Is there any way to do it? Please, somebody help me to implement this.
You can use onPaging callback If is's needed you can event stop changing of the page. In case of direct user input the parameter of callback will be the string "user"
. To get the current value you can use either page
parameter or get or set the value directly from the input control
onPaging: function (pgButton) {
var pagerId = this.p.pager.substr(1); // ger paper id like "pager"

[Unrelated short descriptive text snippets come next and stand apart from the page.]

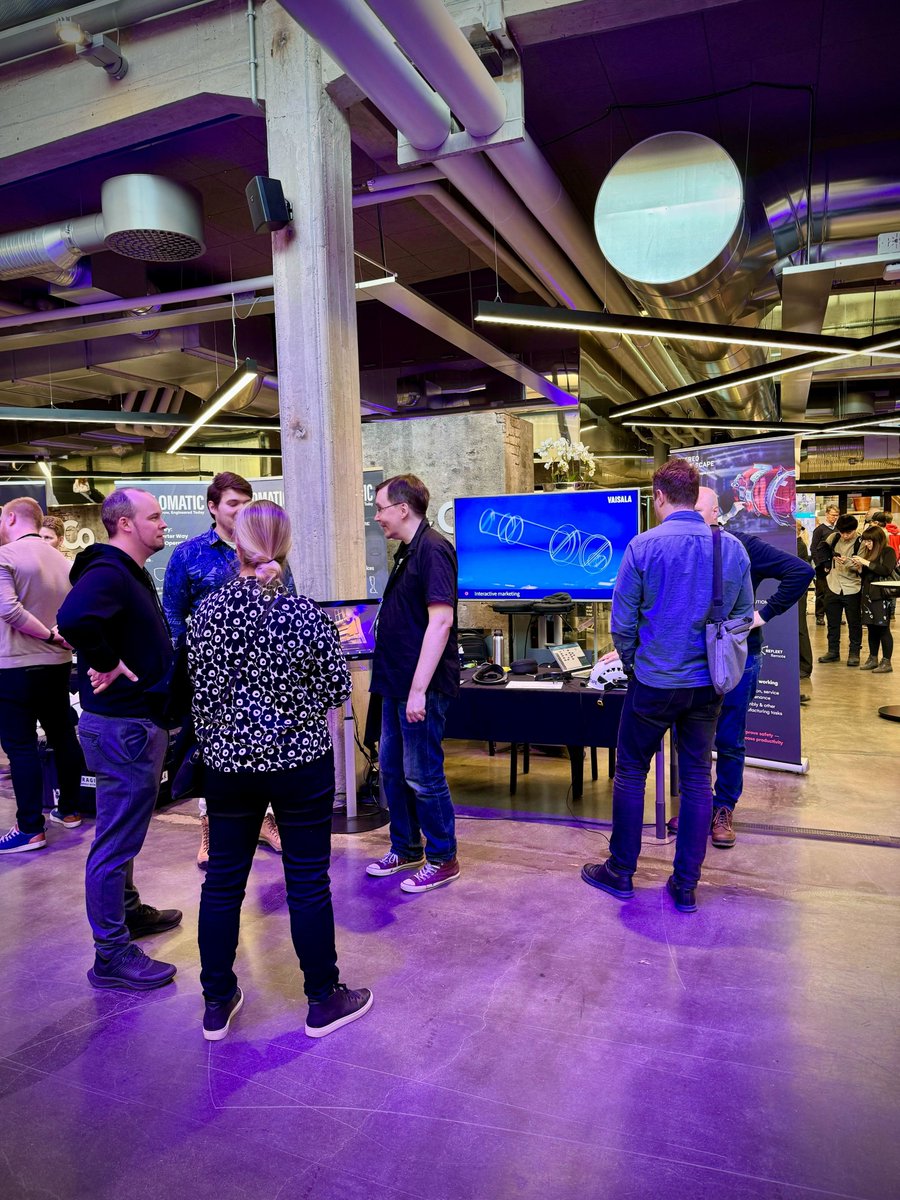We are live at MatchXR! Come visit our booth and join us for a cocktail party at 3 PM in our office (Hämeentie 135 A, 3rd floor, Helsinki), where we’ll be serving exclusive Stereoscape AR drinks.

#MatchXR #Helsinki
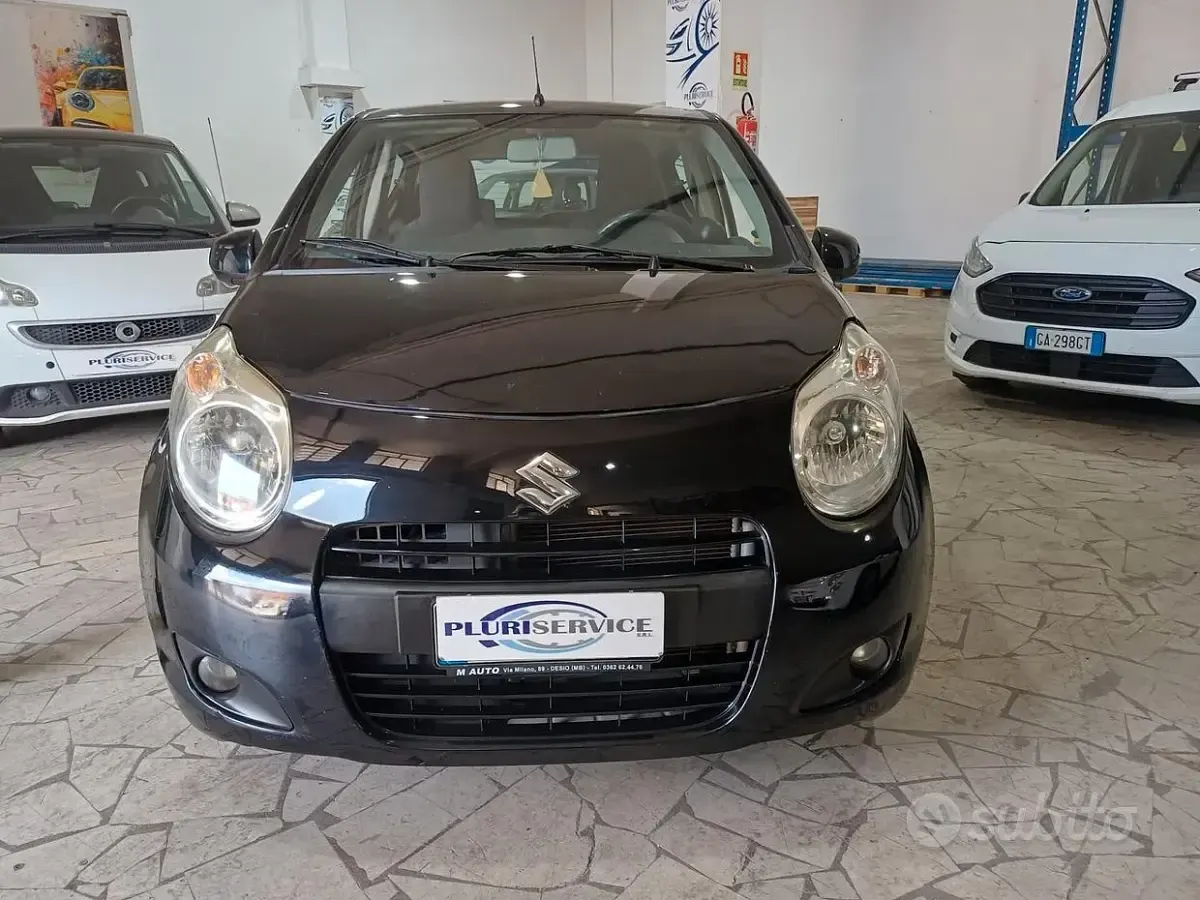 Usata Suzuki Alto 68 CV (50 kW) 2011 Nero Utilitaria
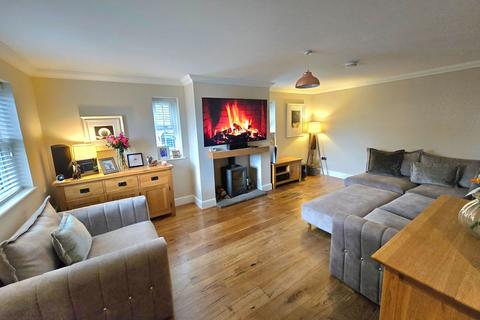 Pen Y Rhedyn, Swansea SA6 4 bed detached house for sale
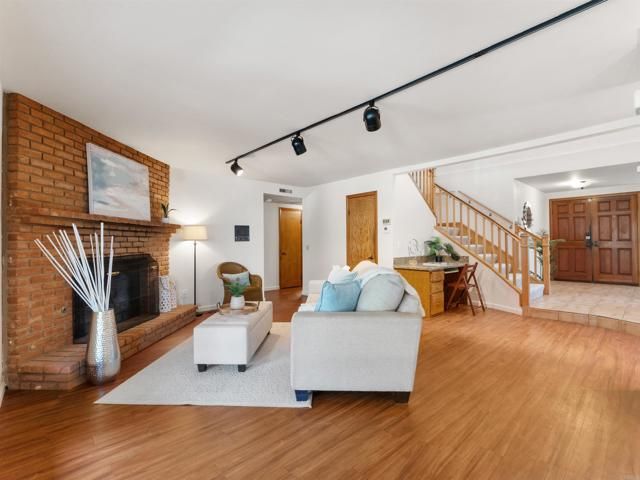 2646 Unicornio St, Carlsbad, CA 92009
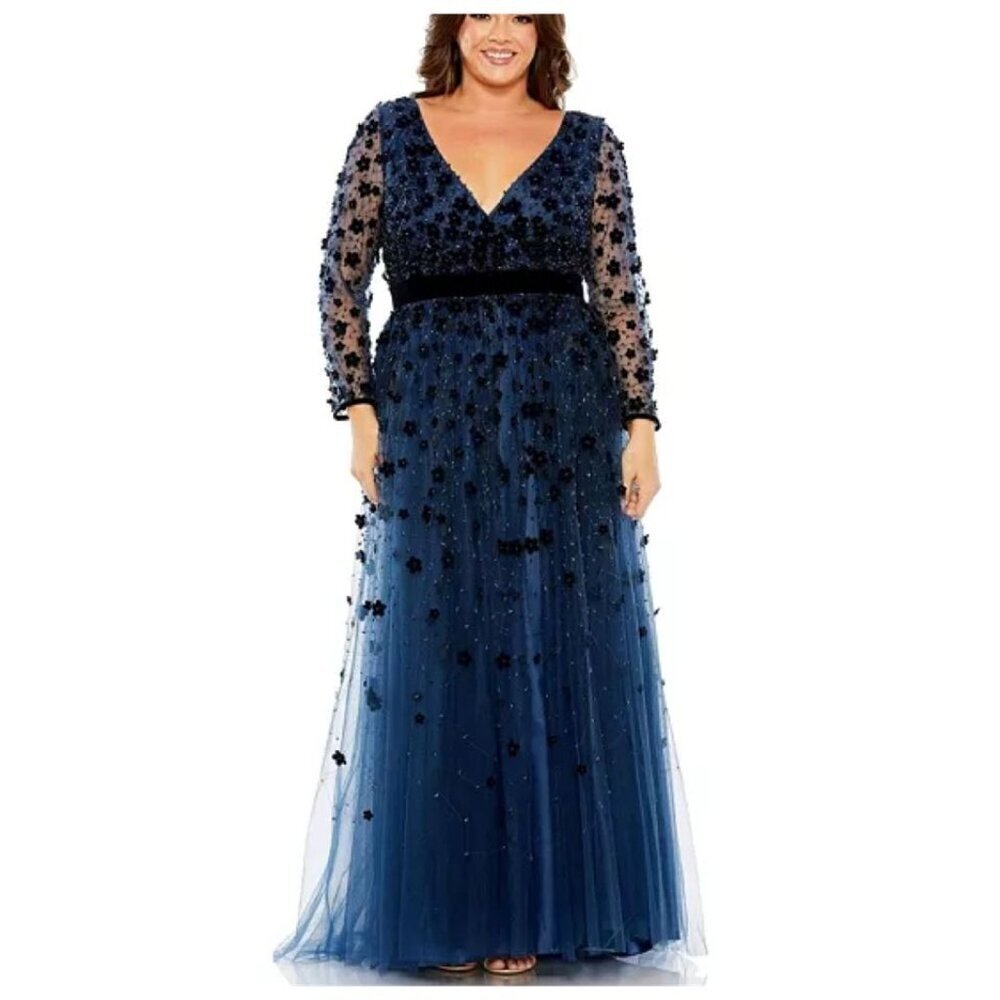 Mac Duggal 68440 Women's Floral Applique Long Sleeve a Line Gown Sz 20W Midnight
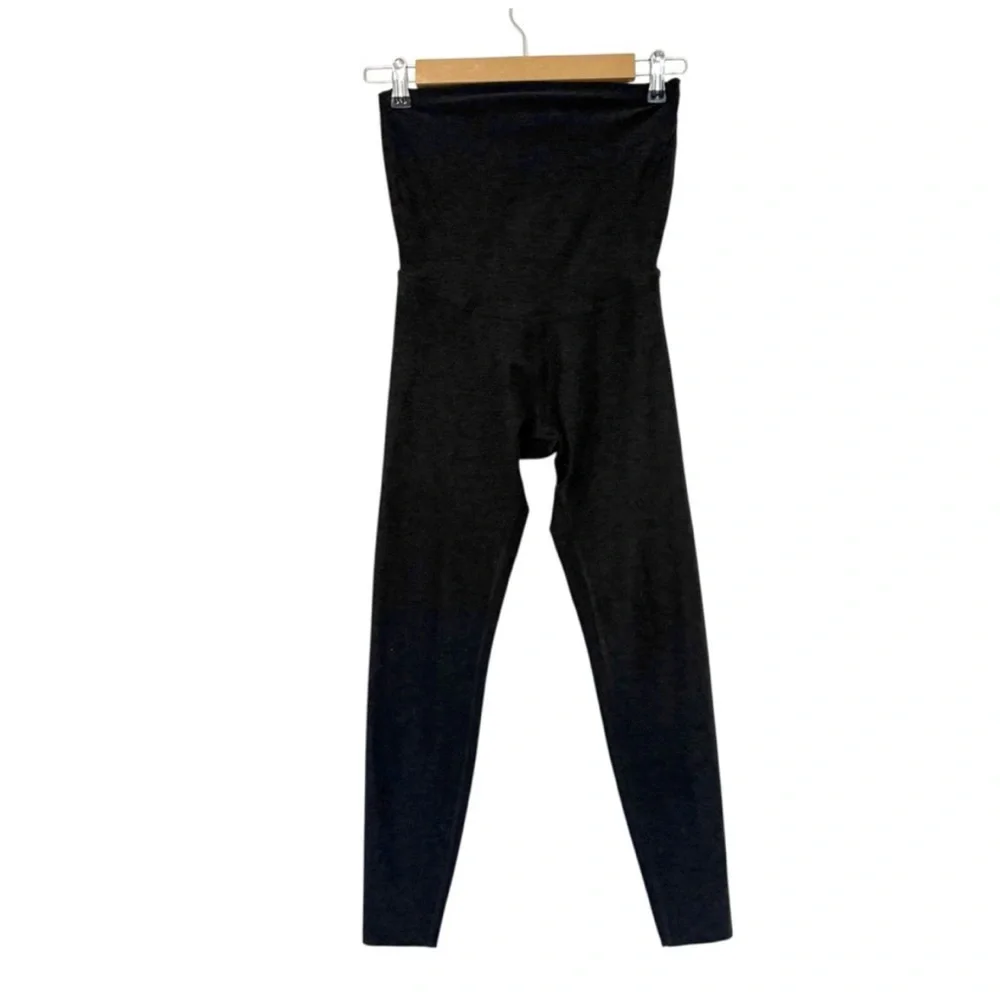 Beyond The Bump Beyond Yoga Black Leggings Size Medium Athletic Comfort Gym - Picture 2 of 4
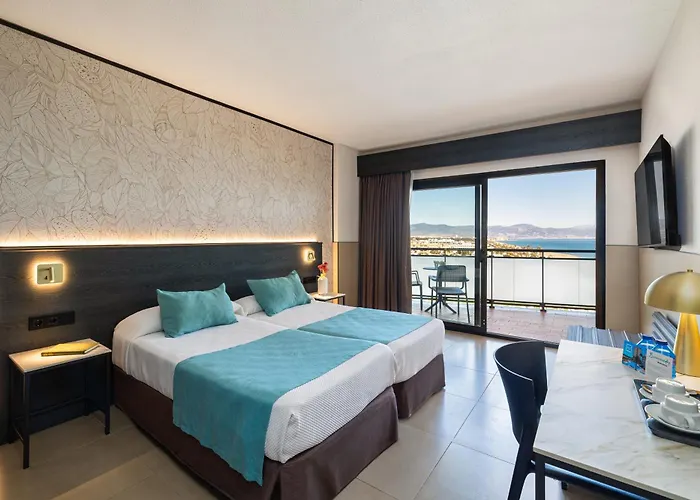 Hotel Puente Real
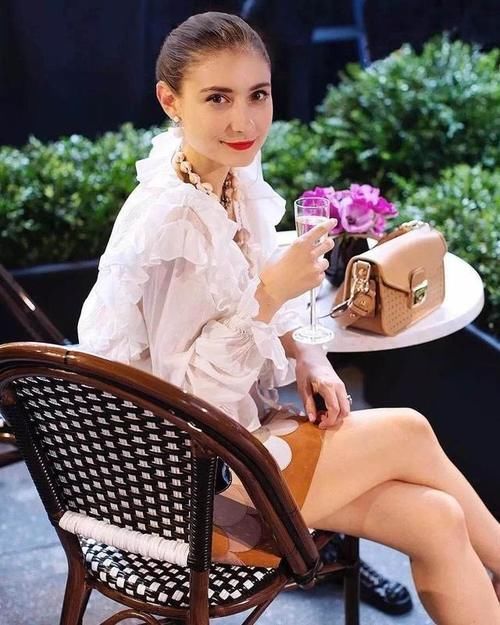 『博主』真正的高级色不是黑色或红色,看三木博主诠释白色,才是高级所在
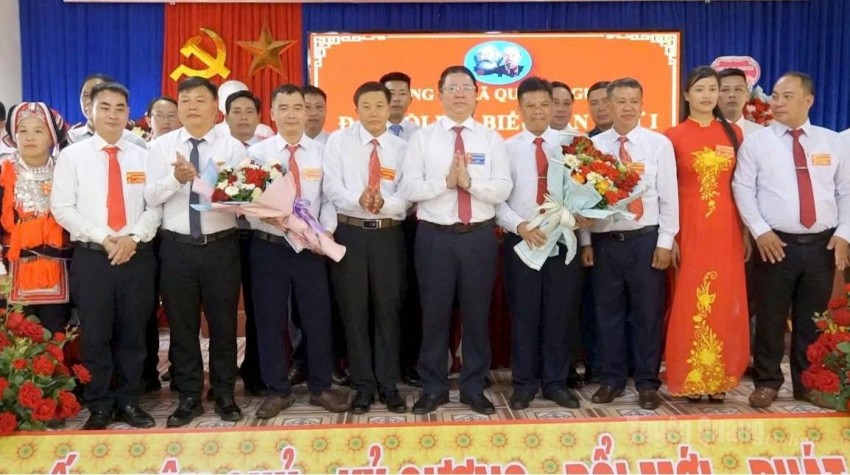 Trưởng ban Tuyên giáo và Dân vận Tỉnh ủy Trần Mạnh Lợi tặng hoa chúc mừng Ban Chấp hành Đảng bộ xã Quảng Nguyên, nhiệm kỳ 2025 - 2030.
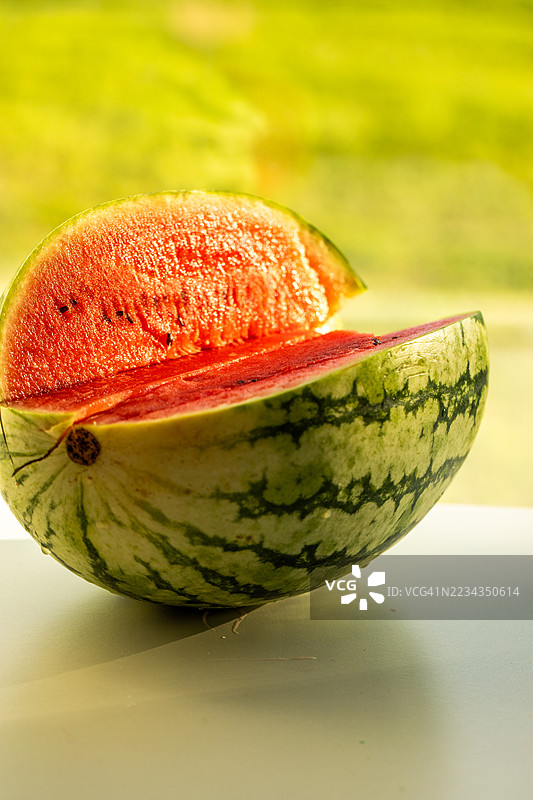新鲜切开的西瓜放在桌子上图片素材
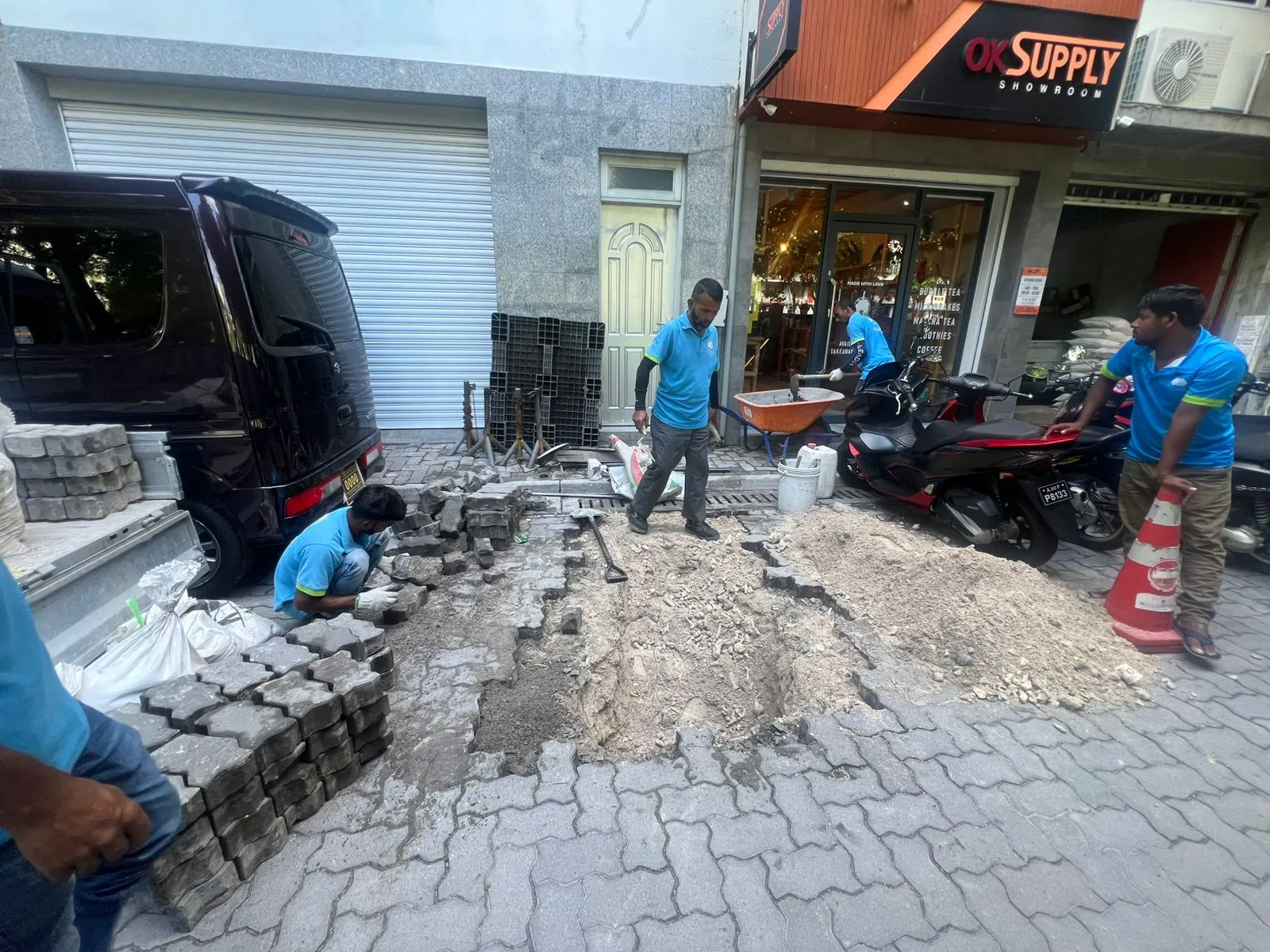 މާލޭގެ މަގުތައް މަރާމަތު ކުރުން- ފޮޓޯ: މާލެ ސިޓީ ކައުންސިލް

var newValue = $('input.ui-pg-input', "#pg_" + $.jgrid.jqID(pagerId)).val();
// newValue is in the most cases the same as in this.p.page
// only wrong values like -10 entered by user will not update
// "page" parameter
if (pgButton === "user" && newValue > 2) { // some tests
return "stop";
}
}
UPDATED: Free jqGrid don't have the described above problem. See the wiki article which describes additional options
parameter of onPaging
callback, which has newPage
, currentPage
and some other properties.
I was facing same problem. I need to pass page number manually.
I found this code from another post I dont remeber :p.
Hope it will be help full
$("#GridId").getGridParam('page')